DOVER — At church last weekend, people asked Gary Parke what they should pray for.
Pray for cloud cover, the strawberry farmer told them, to keep the cold away from crops.
"We are on edge," said Parke, co-owner of Parkesdale Farms in eastern Hillsborough, "like the soldier that prepares for war and hopes for peace."
With 10 to 15 mph winds predicted along with temperatures dropping into the 20s, farmers are at war with the winds today.
When temperatures go below freezing, strawberry and citrus farmers pump groundwater over crops to keep plants at 32 degrees as water freezes into an icy, protective layer.
But this strategy works only with constant sprinkling — which isn't possible if the wind scatters the water.
Monday night was expected to be "one of those real scary nights," said Gary Wishnatzki, owner of Wishnatzki Farms in Plant City and the Wish Farms strawberry brand. "This could be one of our worst-case scenarios."
If farmers can't coat the plants evenly with water, they'll see black streaks in the fields where patches of plants have died. Or, the winds, if too strong, will cause plants to be pelted with ice when the water freezes in mid-air.
On Monday night, Wishnatzki said his managers considered not even attempting to water some of the younger strawberries.
"It's such a fine line between saving your fruit and damaging your plants," he said.
Losing blooms will set farmers back four to five weeks, Wishnatzki said. But damaging plants can affect production through March.
And harvests already have been low this year, farmers say, with last week's two-day freeze slowing fruits from ripening.
Gov. Charlie Crist declared a state of emergency Monday, temporarily lifting some transportation restrictions and allowing farmers to save some crops by harvesting as much as they can before the hard freeze.
Agricultural production nets $1.5 billion each year for Hillsborough County, according to the county's office of agriculture industry development.
It's early enough for strawberries to rebound from December freezes, farmers say.
But for tropical fish farmer Art Rawlins in Lithia, the outlook seems bleaker.
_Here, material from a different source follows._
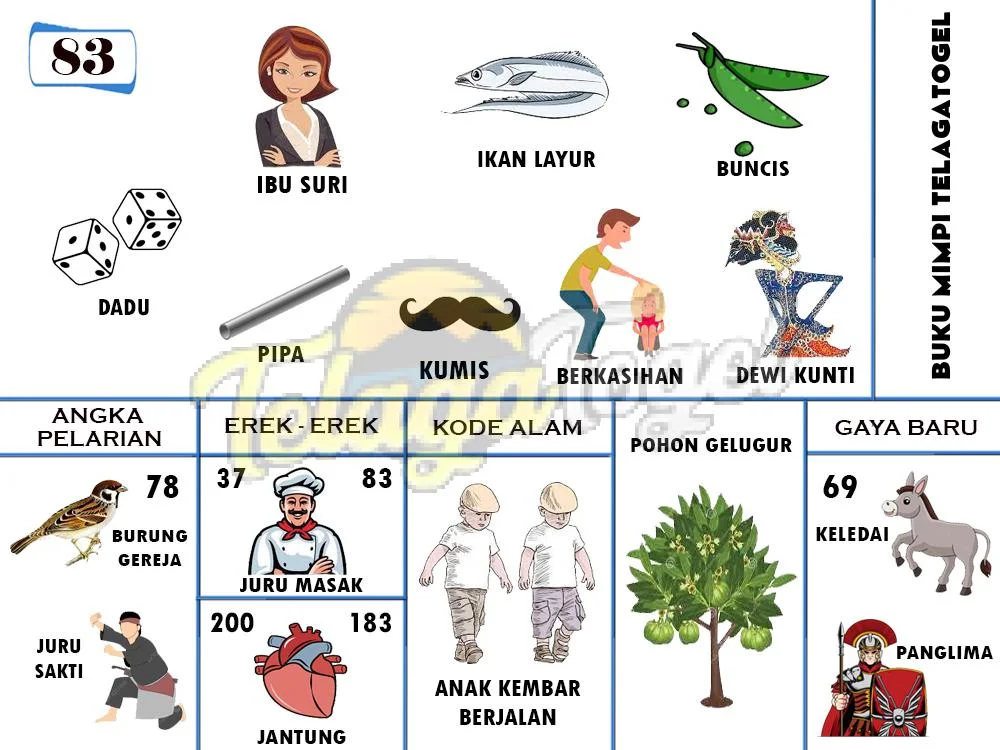 buku mimpi erek erek togel 83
Last week's two cold nights damaged both covered and uncovered ponds. Even though he pumps warmer well water over the ponds, there's little protection in this kind of cold.
This week, he didn't ship any feeder guppies — in contrast to his usual weekly shipment of 125 boxes, each holding 1,000 fish.
"It's not looking good," said Rawlins, president of the Florida Tropical Fish Farms Association.
During January's streak of cold days, he lost about 75 percent of his fish. He had to dip into reserves to pay his employees.
And this year?
"Here we go again," Rawlins said. "You work, work, work, work, work, and then there it goes."